Yengo National Park was an important spiritual and cultural place for the Darkinjung and Wonnarua People for thousands of years, and 640 Aboriginal cultural sites are recorded in the park and nearby areas. Being a largely untracked wilderness area, many of these are difficult to access. Yengo country has one of the largest collections of rock art in Australia (and the world), and Yengo is to the sandstone country what Uluru is to central Australia.

It is said that Baiame, the ancestral being, stepped off from Burragurra to the flat top of Mount Yengo and back into the sky when he finished his creation.

A spectacular Aboriginal rock art site in Yengo National in the lower Hunter Valley, Yengo 1 has over 500 motifs including stencils, paintings and engravings as well as engravings and axe grinding grooves.

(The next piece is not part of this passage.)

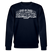 Berliner Spruch-FISIMATENTEN-Unisex Bio-Sweatshirt II - Navy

Yengo 2 is a spectacular Aboriginal rock art site in Yengo National in the lower Hunter Valley. The shelter has 94 figures, including 40 stencils and many depictive motifs.
A long but very low shelter in the Big Yango Precinct, which contains 22 tally marks engraved in the sandstone.
The Big Yengo Tobacco Shelter is a large, deep overhang in Yengo National Park with Aboriginal rock art (charcoal drawing and hand stencils).
A small shelter along Big Yengo Creek, which has Aboriginal rock art including a star or starburst, and 16 stencils in white ochre.
Accessible by four-wheel drive (or by walking), this deeply spiritual site is located along the Boree track and includes the spirit footprints of Biame.
The signposted Finchley cultural walk provides access to the Finchley Aboriginal Site, considered one of the best Aboriginal engraving sites in Australia.
Three Aboriginal hand stencils (two of them quite weathered) in a shelter below Finchley Campground in Yengo National Park.
A long sandstone shelter in the MacDonald River area of Yengo NAtional Park, which has some weathered charcoal art.
A shelter with Aboriginal rock art in a gully near Jacks Track, which has over 50 motifs. They include drawings in charcoal, white and red ochre, and hand stencils.
An impressive Aboriginal rock art gallery in a tall but shallow shelter near Jacks Trail. Most of the art consists of charcoal figures, with some red ochure figures and faint hand stencils.
A complex Aboriginal art shelter in the Mellong Range, which has multiple stencils including hands and a boomerang and human figures in charcoal and white ochre.
Dark red ochre paintings preserved in two rock shelters on the south-eastern slopes of Mount Manning, in Yengo National Park.
A large dome-shaped rock near the base of Mount Yengo with emu tracks and some weathered Aboriginal engravings, and grinding grooves.
Very weathered Aboriginal hand stencil on the base of Mount Yengo.